Data entries:
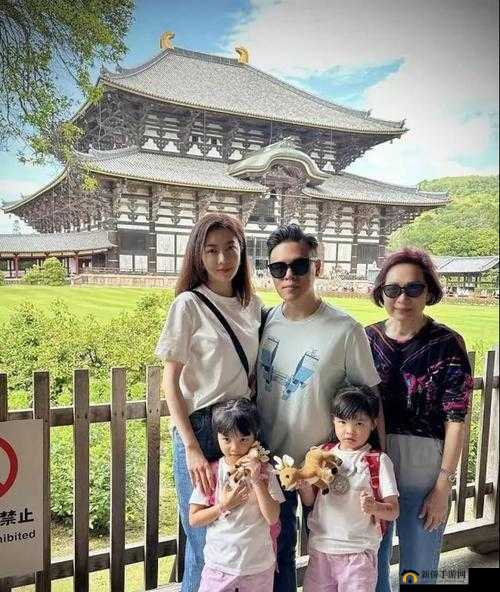 四口之家：夫妻与俩娃的奇妙换玩之旅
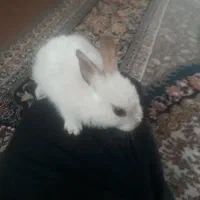 دوعدد خرگوش نازو کوچولو دانه ۲۰۰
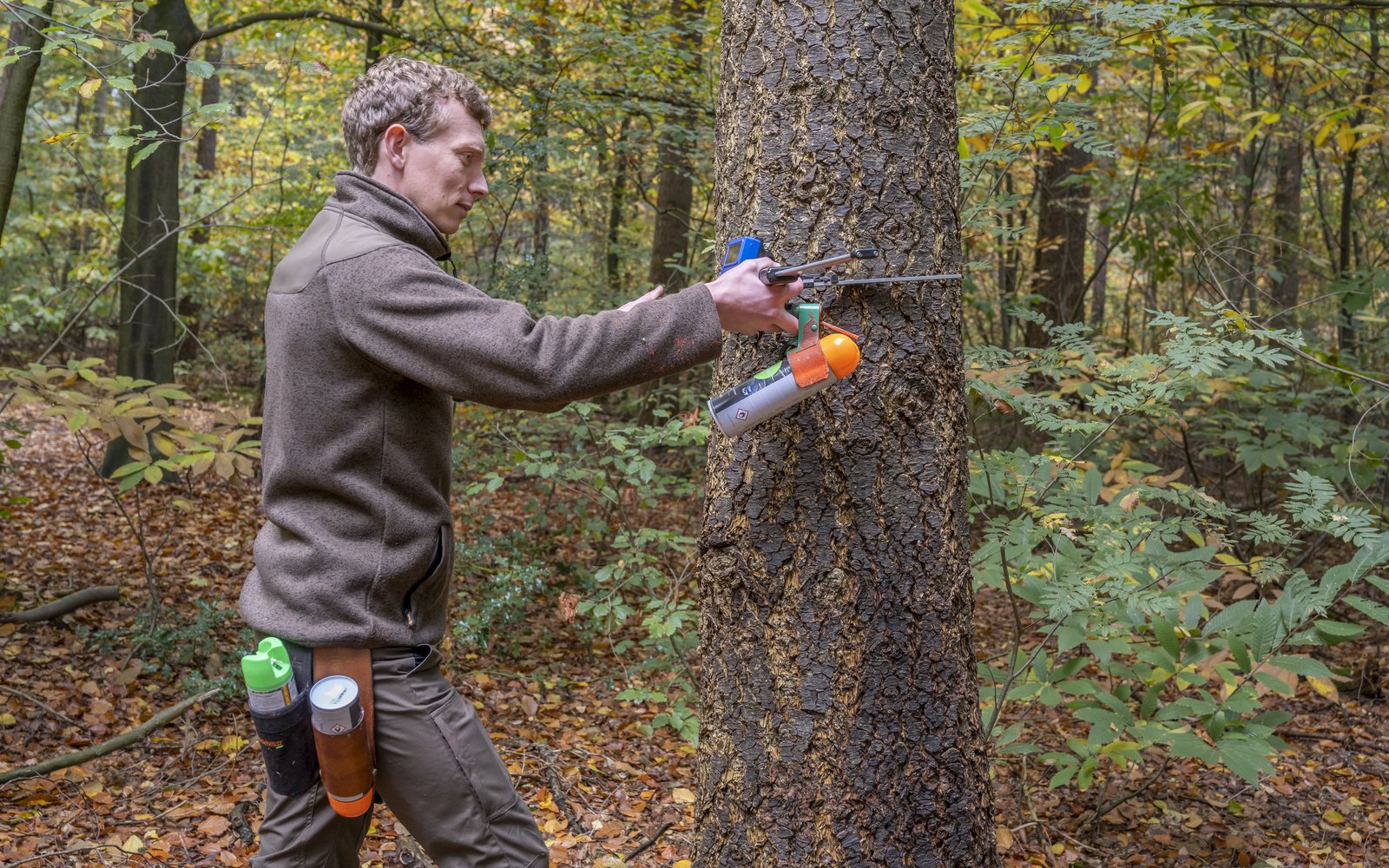 Bosbeheer meten (foto: Marjolein den Hartog)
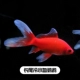 10-12 см. Кровавая попугая в холодной воде (длинный хвост) 1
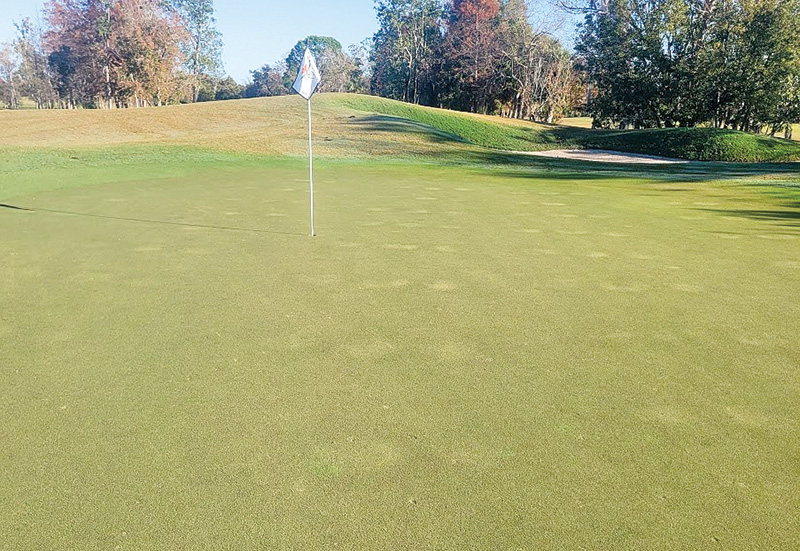 A patch of brown turf on a practice putting green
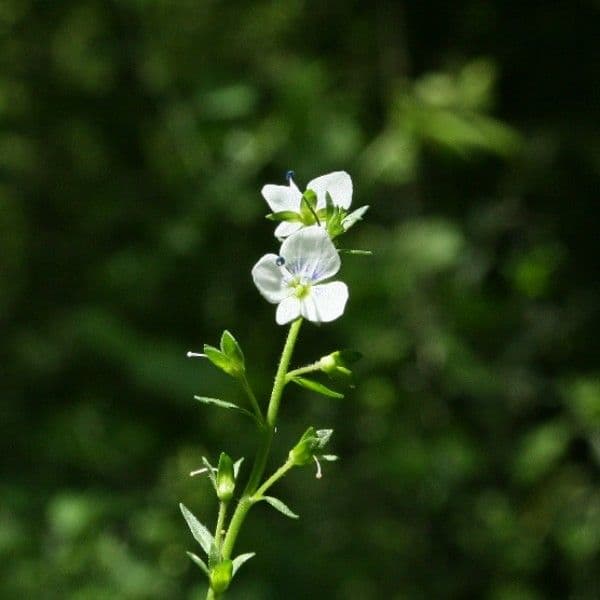 Veronica serpilifolia 7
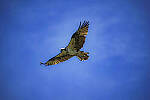 Click to see Y-DP-0829-edt.jpg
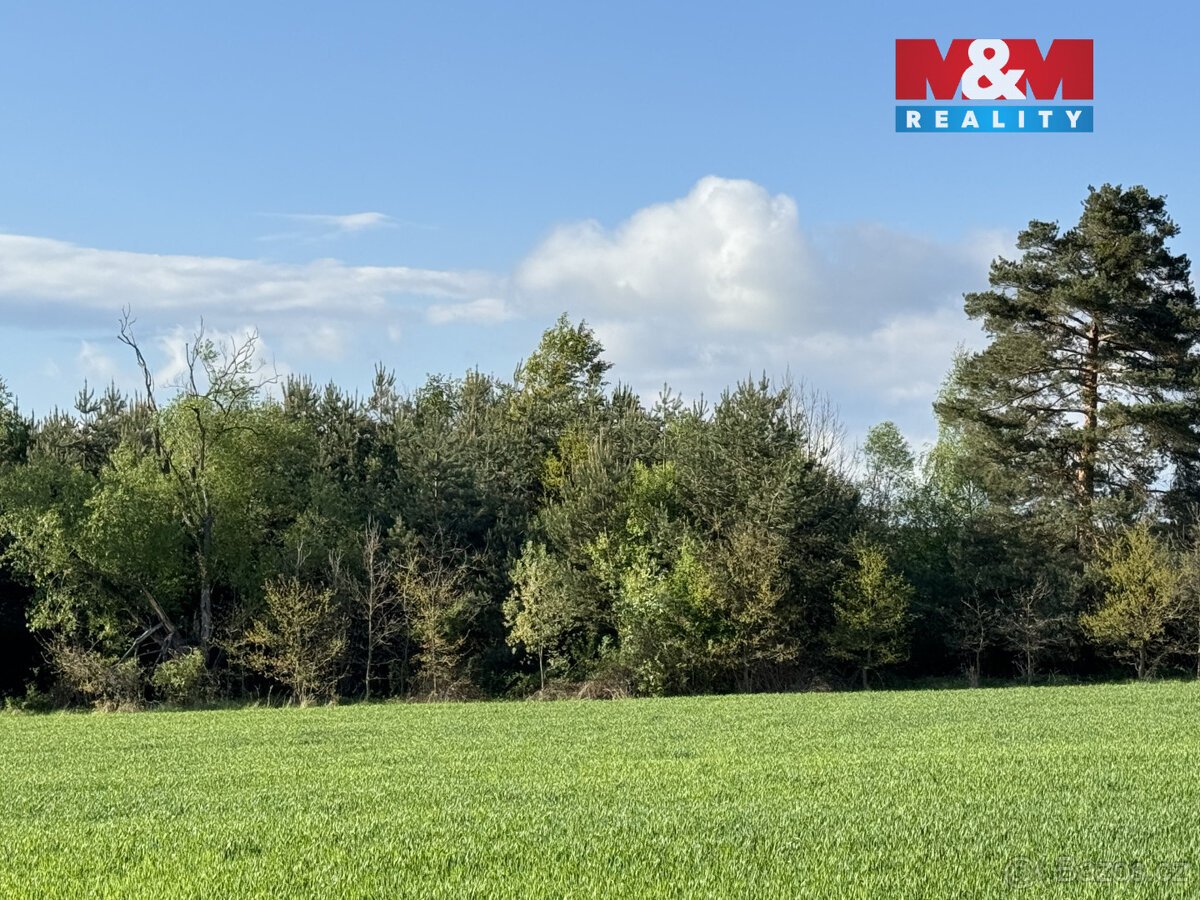 Prodej komerčního pozemku, 10254 m², Homole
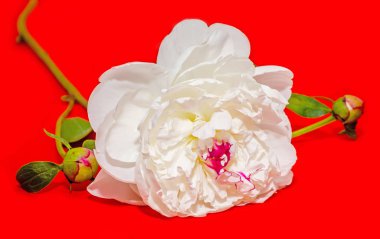 Beyaz Paeonia peregrina kırmızı arka plan, izole, yakın çekim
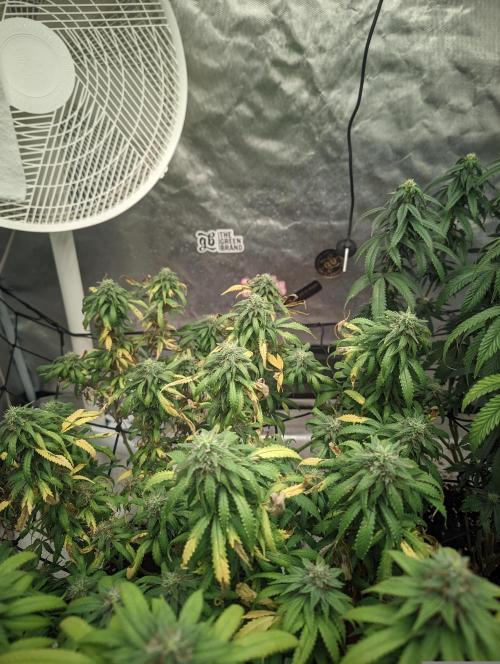 14/14 Kritical GB FEM "GB STRAINS". Week 20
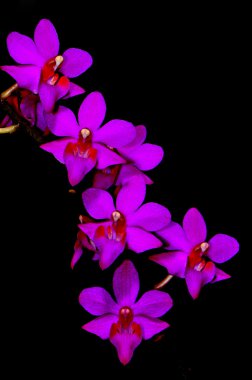 Phalaenopsis hibrid
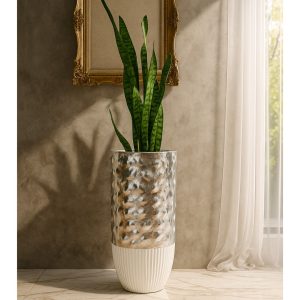 Products: Olive tree in Andromeda Planter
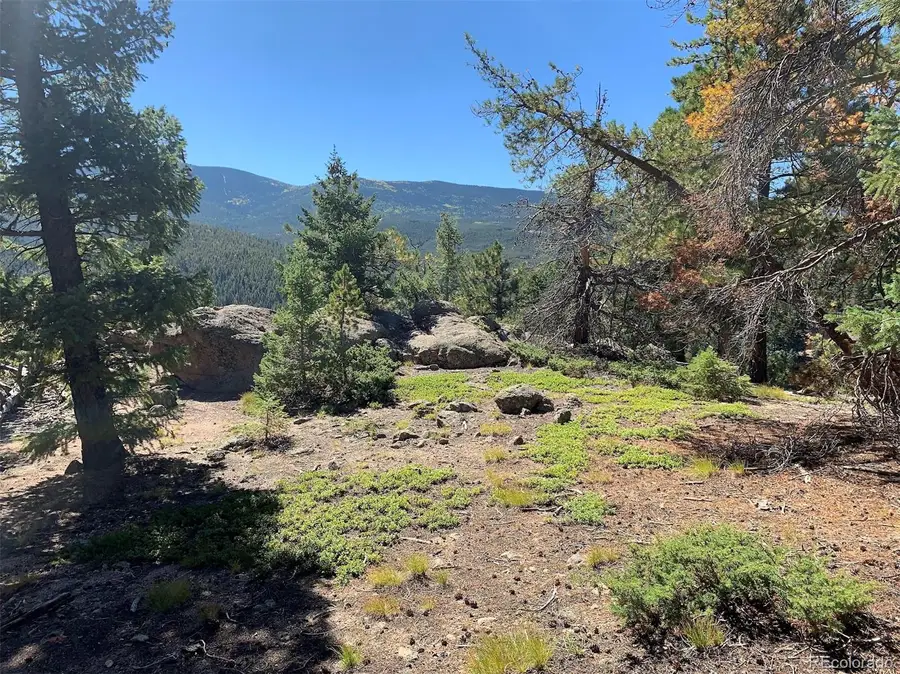 32764 Lodgepole Circle, Evergreen, CO 80439 - Image #3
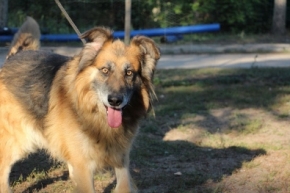 Roki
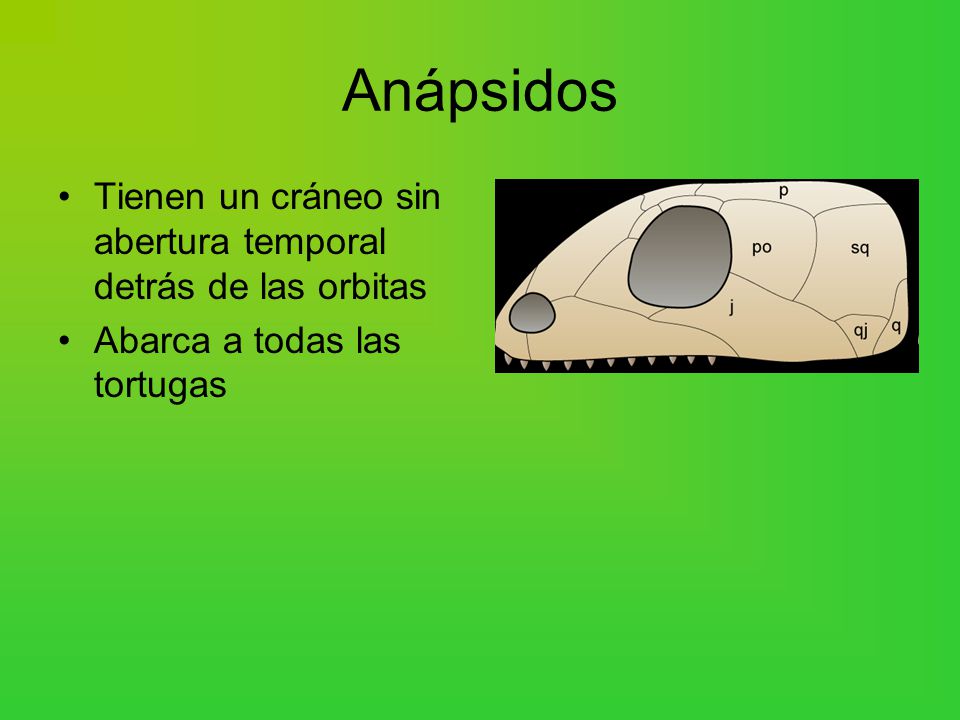 Anápsidos Tienen un cráneo sin abertura temporal detrás de las orbitas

= Exercise prompt =
Give back the lines from the one containing "Products: Olive tree in Andromeda Planter" through the last line of the records above exactly as they appear, both included, and no pictures.

= Answer space =
 Products: Olive tree in Andromeda Planter
 32764 Lodgepole Circle, Evergreen, CO 80439 - Image #3
 Roki
 Anápsidos Tienen un cráneo sin abertura temporal detrás de las orbitas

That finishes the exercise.